Crossposted from my O'Reilly blog

hehe... I was a bad boy tonight. Ok, well not really, but with a title like that you expect it. no?

Here's the deal: I went out on a call tonight. Spent about an hour working on someone's wireless network. Pretty basic stuff, with no real hiccups. Once I left and started to drive home, I *noticed* my WLAN monitor was still running. Being the curious fella I am, I thought to myself... I wonder how many networks I'll see between here and home. Home is about 3 miles away.

So... driving the speed limit (40MPH), and keeping one eye on the laptop, I counted about 30 wireless networks that I could see. Naturally there were probably a few more that don't broadcast, but I wasn't concerned with them. Of that 30, roughly 6 were "secured" with WEP. I use airquotes here because we don't know how secure they actually are, but anyway...

Out of the remaining 24, about 10 were using something other than the default SSID (like "linksys" or "netgear".) This is the part that tickled me the most. Of those 10, at least 2 of them used misspellings of the default SSID (i.e. lynksis.) I couldn't help but wonder if this was a deliberate attempt to be clever (aka more secure.) LOL Flipping a few letters in the SSID doesn't help much if you broadcast it to the whole neighborhood. To me, it doesn't mean you're clever, it means you can't spell. LOL

annnnnyway, by this point I was almost home and dying to mention it in my blog. No I didn't borrow any bandwidth but I did get a few funny looks from people as I was driving home with the laptop lighting up the inside of the jeep. Or maybe it was my laughter that got their attention.

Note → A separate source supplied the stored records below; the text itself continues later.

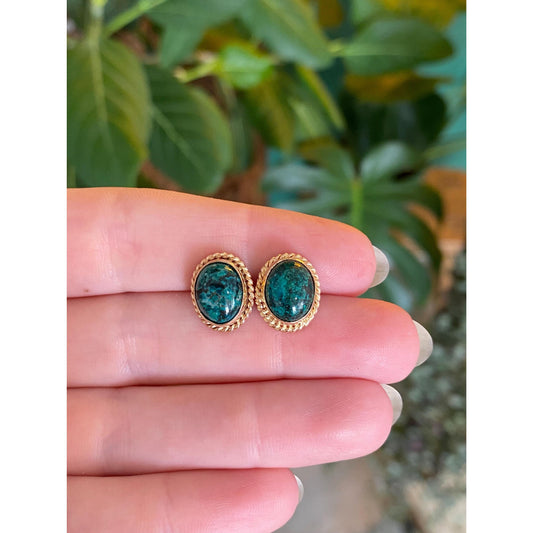 Vintage Solid 14k Yellow Gold Eilet Stone Cabochon Stud Earrings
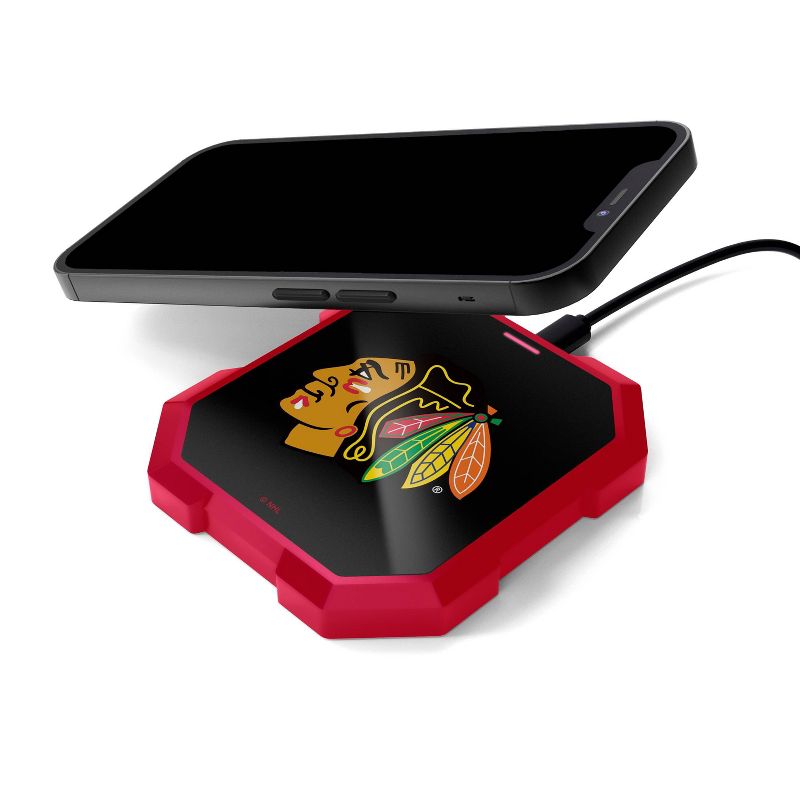 NHL Chicago Blackhawks Wireless Charging Pad, 3 of 4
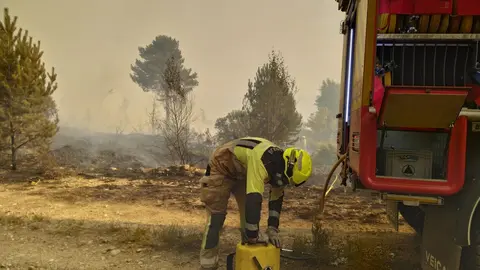 Imagen de la dotación de bomberos del Ayuntamiento de Ponferrada trabajando en el pueblo de Argayo del Sil, debido al incendio de Anllares. Foto: Ayuntamiento de Ponferrada.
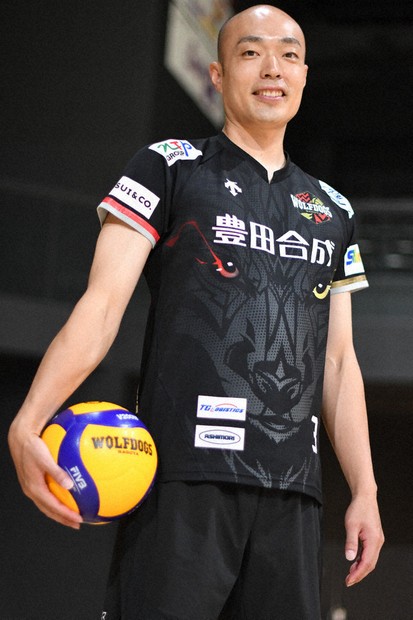 【実使用・直筆】深津英臣選手サイン入りトレーニングウェア バレー推し：4年ぶり代表入り 深津英臣 あの舞台でもう一回勝負したい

Will I do this more often? I hate to say it, but probably yeah. I'm a curious type. But I won't be borrowing any bandwidth, since that's stealing. Not to mention it's kinda pointless to try and accomplish anything other than scanning while driving down a major highway.

Is there a point to this post? Well if there must be, I guess it's this: PEOPLE... SECURE YOUR WIRELESS. YOU HAVE BEEN WARNED.

Seriously though, why do so many people expect computers to work like toasters or blenders? It takes 5 minutes to setup WEP on your wireless network, and that's only if you don't get it right the first time. My brother, god bless him, is a perfect example of this. Plug it in, turn it on, start using it. If it takes more steps than that, it's too complicated.

I never cease to be amazed at how many folks give as much thought to their computer as they do their blenders. Why do so many folks spend more time picking out tv remotes than they do setting up wireless security at home?

Computers are not appliances. I don't care what you call them, or how pretty the case is, or if it fits on your entertainment center. Even media center PCs (which are about as close as it gets) are NOT applicances. Do I think they ever will be? Tough call, probably not. But hey, I've been wrong before. Posted on Monday, November 14, 2005 4:29 PM General Interest | Back to top

Comments on this post: I was NOT wardriving officer, I swear...

# re: I was NOT wardriving officer, I swear...
Requesting Gravatar...
Just gotta is it stealing? Isn't it that they're giving it away? I mean, I don't do it but I don't see how it's stealing. I've been called "honest to a fault" so I'm not trying to justify dishonesty.
Left by Codesailor on Nov 14, 2005 4:41 PM

# re: I was NOT wardriving officer, I swear...
Requesting Gravatar...
well... "The Man" calls it stealing, and he's always right, right?

Actually... I guess it's considered stealing because they don't know you're taking it. Even if they are giving it away... if they don't know they are giving it away, doesn't that mean you're taking it without asking? Which is stealing, yes?

It's a fair question, and subject to much debate. I know plenty of folks feel justified in borrowing wireless, the same way the borrow cable tv... and we all know that's illegal.

Hey... that's it. Maybe it's stealing because you aren't paying the ISP for the service. So you aren't necessarily stealing from the doofus down the block, but you're stealing from Bellsouth or whoever.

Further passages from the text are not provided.